Fear – A Natural Response
By: Gaurav Taneja, Financial Trainer, Venteskraft May 20, 2020
Everything was going fine, your portfolio was green, and you were just waiting for a certain target to touch. But Bam! The market starts going against you, you were confident when you entered and you see your portfolio now, it is losing its color. What seemed to be a good day’s profit is now turning into a loss which surely you can’t bear. Sounds dramatical but familiar? I know most of the people have been through. Then comes the Fear, and the most common response to fear is flight or fight. This is what differentiates between a successful trader and a novice.
Fear is a very basic response that animals use to survive in the wilderness and it’s controlled by very primitive parts of the brain. When trading in the stock market, the fear instinct can throw you off course. You should remember you don’t want to panic and sell off positions impulsively. Instead, you should evaluate your options calmly and rationally make a prudent decision.
It is important to manage your fear and not allow it to make you respond irrationally. When the capital is on the line, it can be hard to think clearly. The question arises, how can you control your fear? But the fact is you cannot overcome anything until you accept you are affected by it. So you have to acknowledge that you are afraid. By doing this at least you are aware of the outcomes consciously and the outcome actually loses its power.
The first step to conquering fear is to merely admit that you are afraid. One of another way would be to trade with small quantities. People actually ask how much quantity to trade with. To those specific people, unless and until you are asking that question, it means you are not confident with the quantity you are trading with. And this is for sure when you are not afraid anymore you will yourself know that now is the time to take a step. Third step is to manage risk, before even placing you should know if this trade goes against me what the risk will be. Fourth step is to have a trade plan which should be made cautiously with a practical approach.

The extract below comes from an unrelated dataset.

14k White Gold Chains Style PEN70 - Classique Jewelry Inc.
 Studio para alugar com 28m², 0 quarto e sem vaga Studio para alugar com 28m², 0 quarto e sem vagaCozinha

For example, suppose you have a day trade where you are forecasting the market to be bullish. If the longer-term trade trend of the market is also bullish, you will be taking less risk. Even if the market moves against you during the day, you know that in a worst-case scenario, you can wait it out and minimize your losses, or even make a profit. Finally, if things get too rough emotionally, you can stand aside for a while and paper trade. If you are especially prone to fear, it is probably because you have recently had several losing trades, because of these losses, fear is associated with your trade execution.